Zuhause angekommen war ich eigentlich schon wieder fast trocken. Das ging 'denen' offenbar zu schnell, darum haben sie mich gerade wieder in die Wanne gestellt, und mich wieder komplett nass gemacht. Da er mich dabei quasi ständig mit Leckerli gefüttert hat, habe ich es huldvoll über mich ergehen lassen. Eigentlich wollte ich schon da nichts mehr wirklich wissen. Direkt anschließend bin ich totmüde auf dem Teppich eingeschlafen und hätte - o Schreck - fast mein Abendessen verschlafen!!!

Mittwoch, Dezember 07, 2005

Tag 10 - tierischer Besuch

Ein wirklich aufregender Tag. Nach dem 2. Frühstück sind 'die' schon wieder zu diesem brummenden, rumpelnden Ding gegangen, um wegzufahren. Diesmal durfte ich aber woanders in das Ding einsteigen als bisher. Die haben mir hinten am Popo von dem Ding (also ich glaube, dass es der Popo ist, denn da stinkt es am meisten) einen großen Platz zugestanden. Weil das ziemlich hoch oben ist, hat 'sie' mich da rein gehoben. Und da lagen dann auch ganz viele leckere Dinge für mich bereit. Käsestücke! Mehr als ich zählen kann. (Okay, ich kann gar nicht zählen.) Unter mittelmässigem Theater meinerseits - ich habe mich natürlich verpflichtet gefühlt, ihnen, obwohl es mir hier hinten ganz gut gefällt, zumindest eine kleine Vorführung meiner Künste zukommen zu lassen - sind wir dann zu einer mir unbekannten Behausung gefahren. Dort haben 'die' jemanden getroffen, den sie offenbar kannten, und mit dem sie eine Weile reden wollten. Zwischendurch und nebenbei hat aber fast immer jemand mit mir gespielt! Und von den anwesenden Bewohnern wurde ich auch gebührend bewundert und begrüßt.
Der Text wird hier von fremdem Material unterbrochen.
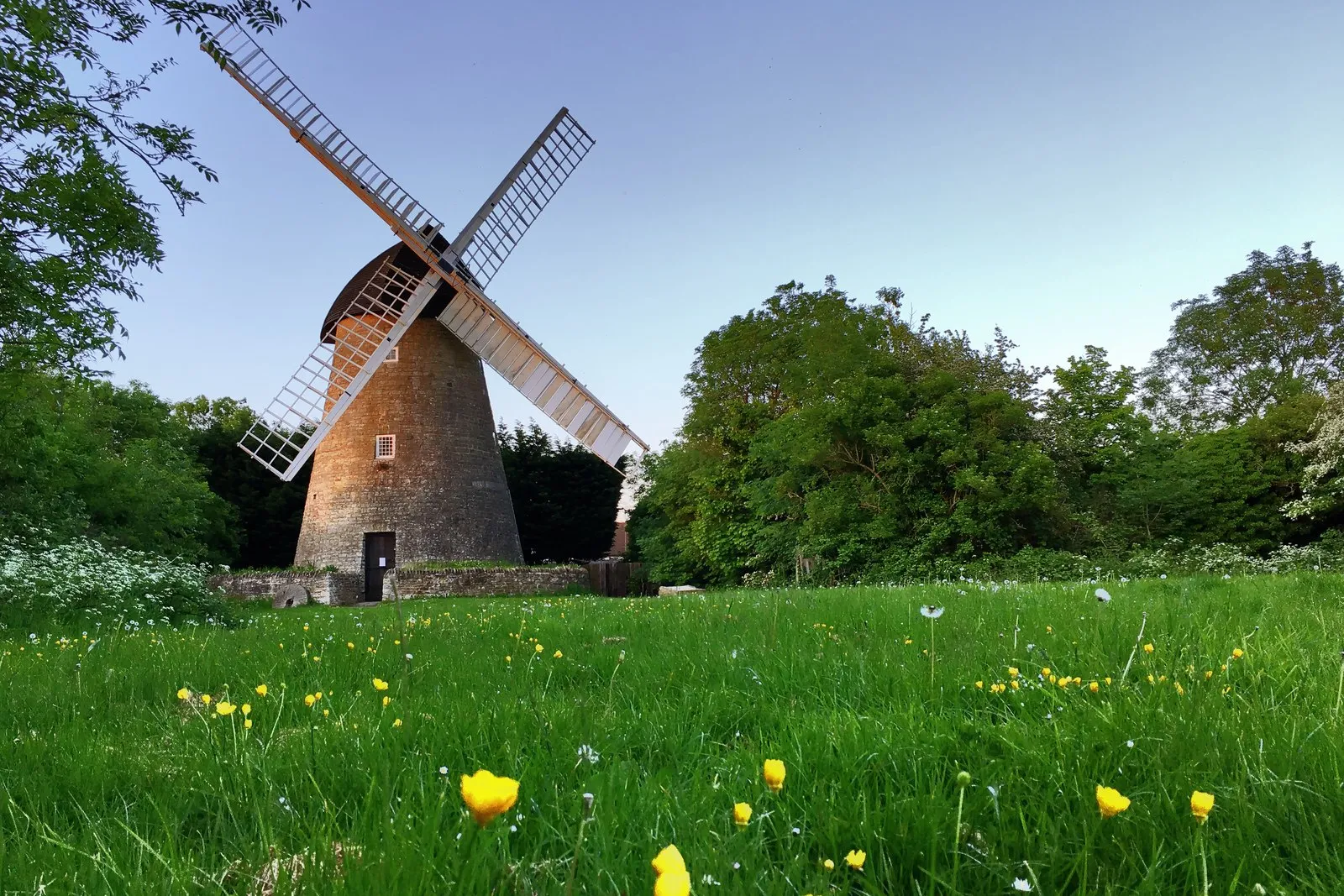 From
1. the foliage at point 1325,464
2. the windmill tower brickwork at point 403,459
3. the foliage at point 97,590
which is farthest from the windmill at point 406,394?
the foliage at point 1325,464

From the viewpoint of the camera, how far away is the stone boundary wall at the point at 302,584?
1984 cm

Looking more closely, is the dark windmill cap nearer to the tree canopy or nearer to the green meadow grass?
the tree canopy

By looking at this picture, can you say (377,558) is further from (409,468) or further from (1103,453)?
(1103,453)

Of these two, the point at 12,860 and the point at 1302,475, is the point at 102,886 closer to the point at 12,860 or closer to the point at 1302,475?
the point at 12,860

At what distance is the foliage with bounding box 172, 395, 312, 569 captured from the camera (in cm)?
3122

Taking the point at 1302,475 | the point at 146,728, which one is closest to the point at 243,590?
the point at 146,728

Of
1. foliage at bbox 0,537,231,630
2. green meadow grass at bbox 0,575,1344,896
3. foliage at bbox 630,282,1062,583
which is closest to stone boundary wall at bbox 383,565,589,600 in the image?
foliage at bbox 630,282,1062,583

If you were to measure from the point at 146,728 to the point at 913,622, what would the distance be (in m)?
3.49

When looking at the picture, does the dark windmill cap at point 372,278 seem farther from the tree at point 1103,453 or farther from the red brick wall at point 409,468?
the tree at point 1103,453

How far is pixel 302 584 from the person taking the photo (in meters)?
→ 20.2

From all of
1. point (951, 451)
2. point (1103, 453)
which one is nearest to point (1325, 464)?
point (1103, 453)

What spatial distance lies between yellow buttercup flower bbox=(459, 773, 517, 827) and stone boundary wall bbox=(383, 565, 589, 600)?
18687mm

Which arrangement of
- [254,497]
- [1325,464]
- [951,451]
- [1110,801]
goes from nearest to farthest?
1. [1110,801]
2. [951,451]
3. [1325,464]
4. [254,497]

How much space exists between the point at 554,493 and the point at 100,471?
17551 millimetres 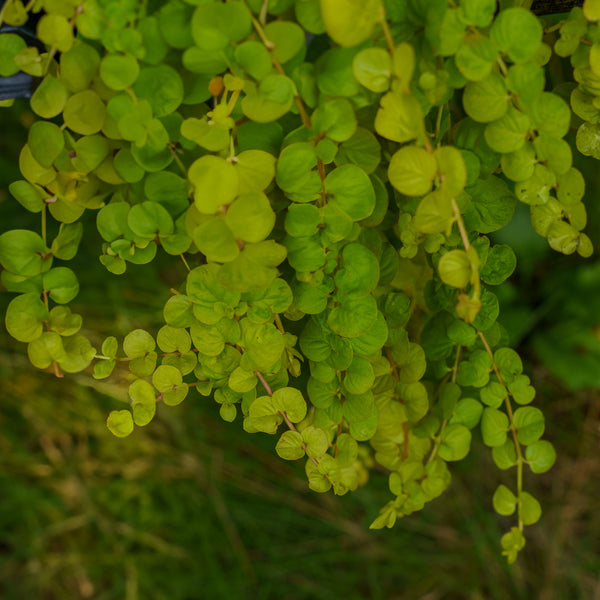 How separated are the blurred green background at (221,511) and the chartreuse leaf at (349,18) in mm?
1192

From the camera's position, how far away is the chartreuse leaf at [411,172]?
41 cm

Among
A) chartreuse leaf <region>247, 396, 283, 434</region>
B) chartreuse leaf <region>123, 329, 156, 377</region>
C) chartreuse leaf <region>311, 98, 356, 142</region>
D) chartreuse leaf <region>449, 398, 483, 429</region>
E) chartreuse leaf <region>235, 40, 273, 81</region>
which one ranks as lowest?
chartreuse leaf <region>449, 398, 483, 429</region>

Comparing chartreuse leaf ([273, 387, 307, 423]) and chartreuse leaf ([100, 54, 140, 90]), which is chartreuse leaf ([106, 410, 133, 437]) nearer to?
chartreuse leaf ([273, 387, 307, 423])

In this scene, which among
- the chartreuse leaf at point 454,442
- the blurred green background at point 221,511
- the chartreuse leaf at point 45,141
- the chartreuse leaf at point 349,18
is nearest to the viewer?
the chartreuse leaf at point 349,18

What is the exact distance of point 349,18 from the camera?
1.19 feet

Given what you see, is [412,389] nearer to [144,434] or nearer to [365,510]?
[365,510]

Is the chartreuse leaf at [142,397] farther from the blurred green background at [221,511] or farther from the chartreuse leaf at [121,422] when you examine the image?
the blurred green background at [221,511]

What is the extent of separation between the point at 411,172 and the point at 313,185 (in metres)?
0.08

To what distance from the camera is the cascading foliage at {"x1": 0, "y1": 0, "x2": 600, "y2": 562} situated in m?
0.41

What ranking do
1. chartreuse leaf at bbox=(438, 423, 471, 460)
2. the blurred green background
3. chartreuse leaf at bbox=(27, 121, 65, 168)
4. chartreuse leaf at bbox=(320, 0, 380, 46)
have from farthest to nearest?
the blurred green background
chartreuse leaf at bbox=(438, 423, 471, 460)
chartreuse leaf at bbox=(27, 121, 65, 168)
chartreuse leaf at bbox=(320, 0, 380, 46)

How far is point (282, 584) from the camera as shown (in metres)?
1.54

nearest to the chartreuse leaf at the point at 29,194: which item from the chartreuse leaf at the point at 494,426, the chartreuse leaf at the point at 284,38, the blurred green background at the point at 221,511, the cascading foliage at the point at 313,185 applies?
the cascading foliage at the point at 313,185

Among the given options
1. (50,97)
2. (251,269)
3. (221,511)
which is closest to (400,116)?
(251,269)

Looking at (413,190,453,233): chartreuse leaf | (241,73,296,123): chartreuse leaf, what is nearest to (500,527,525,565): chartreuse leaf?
(413,190,453,233): chartreuse leaf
Alles in allem hat es mir ganz gut gefallen. So gut, dass ich auf der Rückfahrt fast meine 'Vorführung' vergessen hätte.
Nach meinem ausgiebigen Mittagsschlaf wurde es nochmal richtig aufregend. Da kam ein richtig großer Hund hier zu uns in die Wohnung. Ich glaube, der war noch größer als Onkel Ecko! Und laut bellen konnte der. Ich war völlig fasziniert. Mit ihm und seinem Frauchen sind wir dann den größten Spaziergang meines Lebens gegangen. Raus in die Felder, eine ganze Runde haben wir gedreht. Und Teddy - so hieß der andere Hund - hat zwischendurch auch mal mit mir gespielt. glücklich Ich fand ihn einfach großartig.

Als Teddy dann wieder weg war, war ich allerdings ganz schön platt!!! Ich hätte da im Stehen einschlafen können. Ich habe mich dann aber für die Mitte des Flures entschieden. grinsen Da hatte ich alles, ohne dass ich mich irgendwie noch groß hätte bewegen müssen, im Blick.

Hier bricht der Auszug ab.